__PROBLEM REQUIREMENTS__: Only the images are to be dropped; the records themselves must be repeated exactly.

__STORED DATA__:
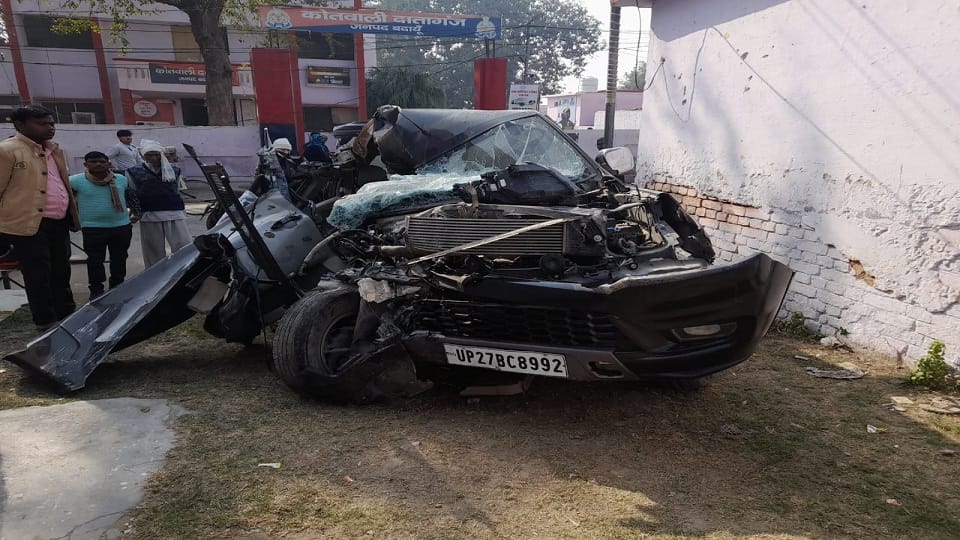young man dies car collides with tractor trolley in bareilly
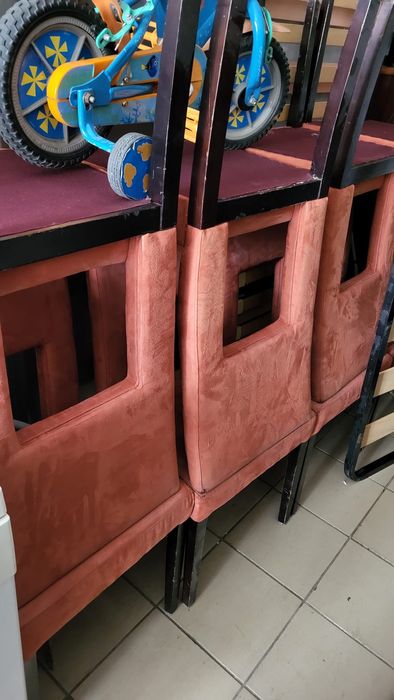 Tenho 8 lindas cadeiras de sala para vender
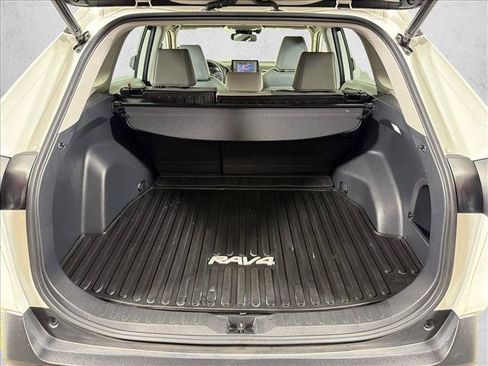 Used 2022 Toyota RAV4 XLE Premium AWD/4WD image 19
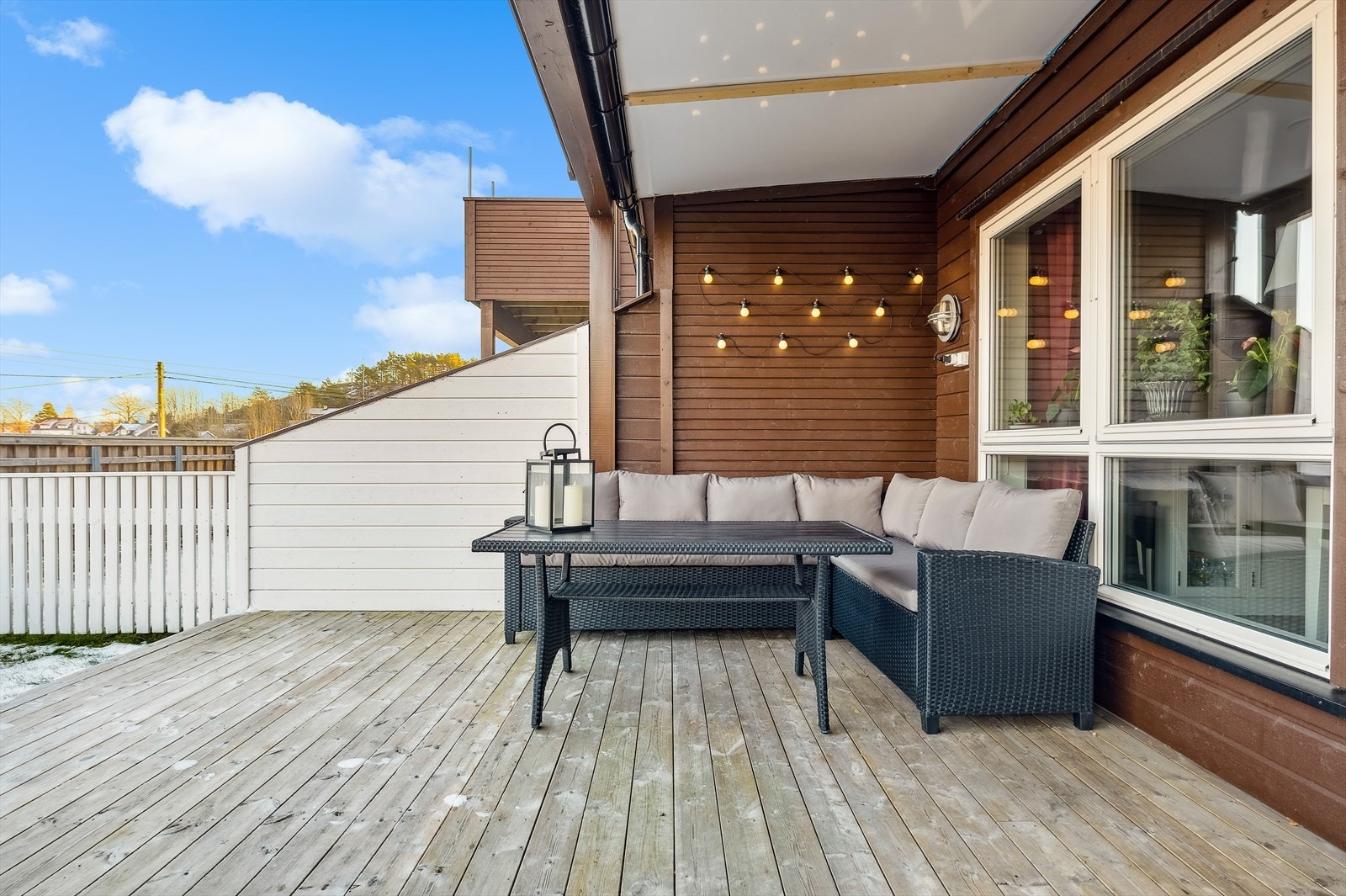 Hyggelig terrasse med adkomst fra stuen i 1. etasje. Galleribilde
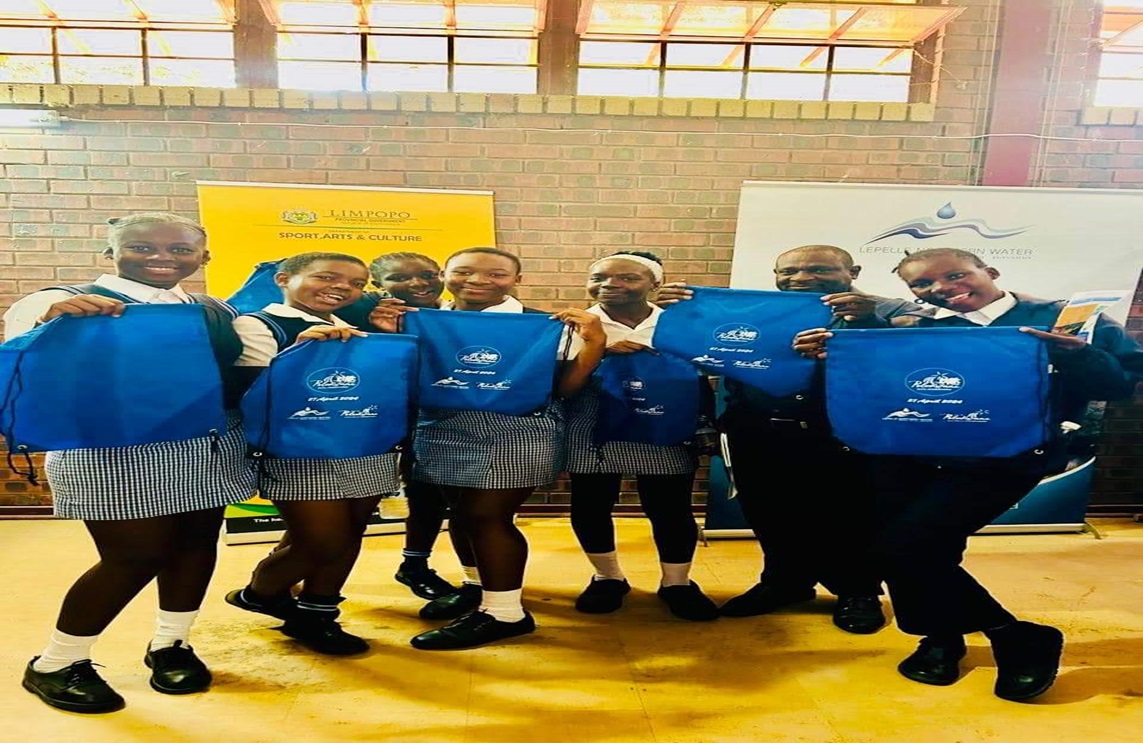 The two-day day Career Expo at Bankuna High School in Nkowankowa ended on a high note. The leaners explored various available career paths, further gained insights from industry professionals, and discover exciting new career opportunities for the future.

__SOLVED PROBLEM__:
young man dies car collides with tractor trolley in bareilly
 Tenho 8 lindas cadeiras de sala para vender
 Used 2022 Toyota RAV4 XLE Premium AWD/4WD image 19
 Hyggelig terrasse med adkomst fra stuen i 1. etasje. Galleribilde
 The two-day day Career Expo at Bankuna High School in Nkowankowa ended on a high note. The leaners explored various available career paths, further gained insights from industry professionals, and discover exciting new career opportunities for the future.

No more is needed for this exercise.